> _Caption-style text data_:
....

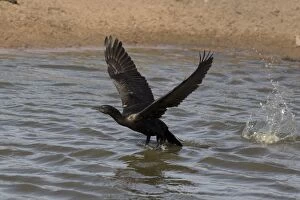 Little Black Cormorant taking off from a pond at Peppim
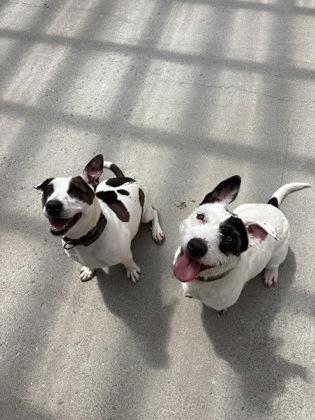 Jackie & Daisy Bonded Pair, Adoptable, Puppy Female Pit Bull Terrier & Mixed Breed.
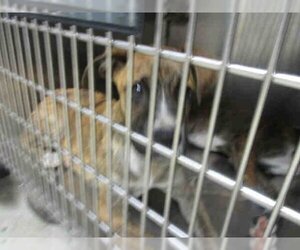 Boxer-Unknown Mix Dogs for adoption in Oklahoma City, OK, USA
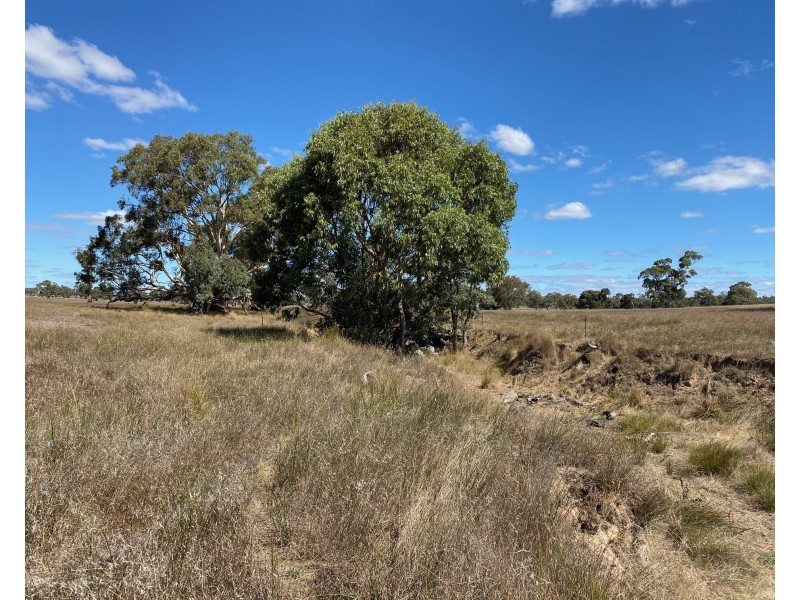 56 Strachans Road, Springton SA 5235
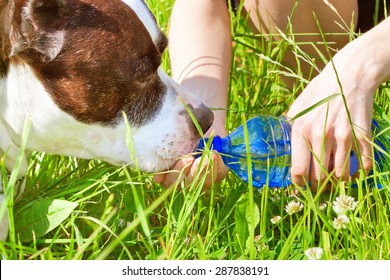 Woman Gives To Drink Her Dog Out Of The Bottle In Hot Weather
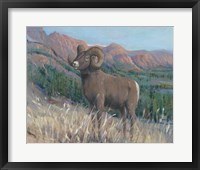 Animals of the West IV Framed Print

....

> _How to complete this task_: Repeat the records exactly but leave out the images.

> _Written response_:
 Little Black Cormorant taking off from a pond at Peppim
 Jackie & Daisy Bonded Pair, Adoptable, Puppy Female Pit Bull Terrier & Mixed Breed.
 Boxer-Unknown Mix Dogs for adoption in Oklahoma City, OK, USA
 56 Strachans Road, Springton SA 5235
 Woman Gives To Drink Her Dog Out Of The Bottle In Hot Weather
 Animals of the West IV Framed Print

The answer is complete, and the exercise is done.